UEFA Women's Competitions, to be published annually, includes a wealth of facts and figures, and its interviews present key women's football figures, as well as highlighting the challenges that women players face. The publication comes as women's football is enjoying a memorable year, with an excellent UEFA Women's EURO 2013 behind us, and interest in the UEFA Women's Champions League at booming levels.

"For the national teams, (…) this year will be remembered for a UEFA Women's EURO that was remarkable from every point of view," says UEFA President Michel Platini in his message in the publication. "Full stadiums, record TV audiences and magnificent football will have finally managed to convince the last remaining sceptics that women's football is currently enjoying unprecedented growth – growth that fully justifies the expansion of the next final tournament in 2017 from 12 to 16 teams.

"This spectacular development in women's football has only been possible thanks to UEFA's member associations, which have realised the need to implement women's football development programmes. Their efforts are making all the difference. Where once there were only a handful of women's clubs, there are now thousands, with millions of women in Europe eager to get involved in the game, as players, coaches, volunteers and fans."

I would also like to applaud the efforts of the UEFA Women's Football Committee, especially those of its chairwoman, Karen Espelund, who is also the voice of women's football on our Executive Committee."

Women's Competitions includes a comprehensive history of UEFA women's football. It describes the upwards steps that have been undertaken over the past three decades – from the first conference in 1980, to the first UEFA competition for national women's teams played between 1982 and 1984, then the inaugural European championship in 1991, the first women's club competition in 2001/02, and beyond. A timeline stretches from 1972, and the first women's international recognised by world body FIFA, between France and the Netherlands, to 2017, when the UEFA European Women's Championships will involve 16 teams.

The development of young women players has gone hand in hand with the growth of women's football, and the publication examines the progress of UEFA's two competitions for youngsters – the European women's Under-17 and Under-19 championships. Switzerland's most capped women's player, Martina Moser, looks back at her own days playing youth internationals and how this level of the game has developed since then. Wales senior captain Jessica Fishlock is now enjoying success in the United States, and she recalls her first steps at international level.

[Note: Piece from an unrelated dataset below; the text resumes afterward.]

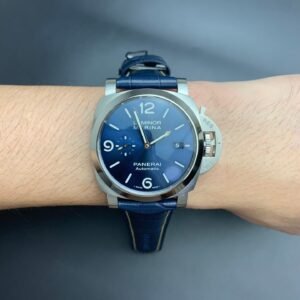Panerai_74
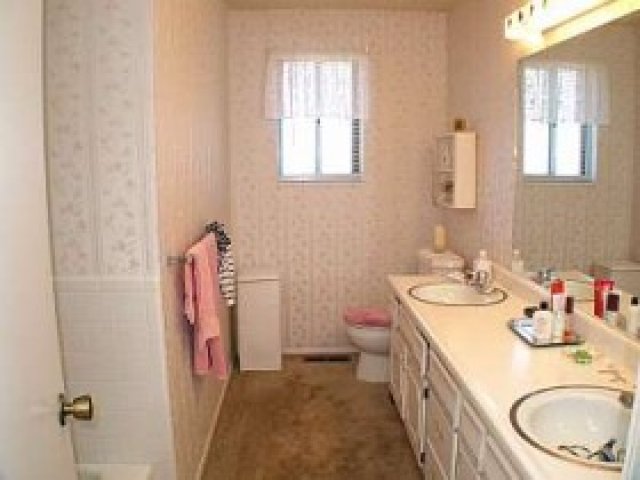 931 Green Oaks Dr, Bountiful, UT 84010 — photo 3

The UEFA Women's Champions League continues to make giant strides – just over 50,000 spectators watched the 2012 final in Munich. German international Martina Müller helped mastermind VfL Wolfsburg's success in this season's final in London, and she looks back over her eight seasons with the German outfit. Steffi Jones, UEFA women's football ambassador, Faye White, 2013 UEFA Women's Champions League final ambassador, and Mia Hamm, former world-record international goalscorer, look at the impact of the competition amid women's football's overall evolution.

With 166 caps and 68 goals for Sweden, Victoria Sandell Svensson excelled as a player before her retirement in 2009. She talks about the demands involved in helping to organise this summer's UEFA Women's EURO 2013 in her home country. Stars of women's EURO past and present talk about their early days, their experiences in youth tournaments and how the competition has developed over the years. Two national associations – Bosnia and Herzegovina, and Malta – are highlighted as examples of excellence in the development of women's football.

Finally, with more and more girls encouraged to play football, and having dreams to aspire to, the football family can permit itself a glow of pride at the unstinting work being undertaken from the grassroots level upwards. "The UEFA message must ring out loud and clear across Europe," says this fascinating new publication. "It is a call to girls and women to love football and to get involved at their nearest school, club or national football association. Football is for the enjoyment of everyone; we want to see more women taking advantage of the new opportunities we have worked so hard to deliver."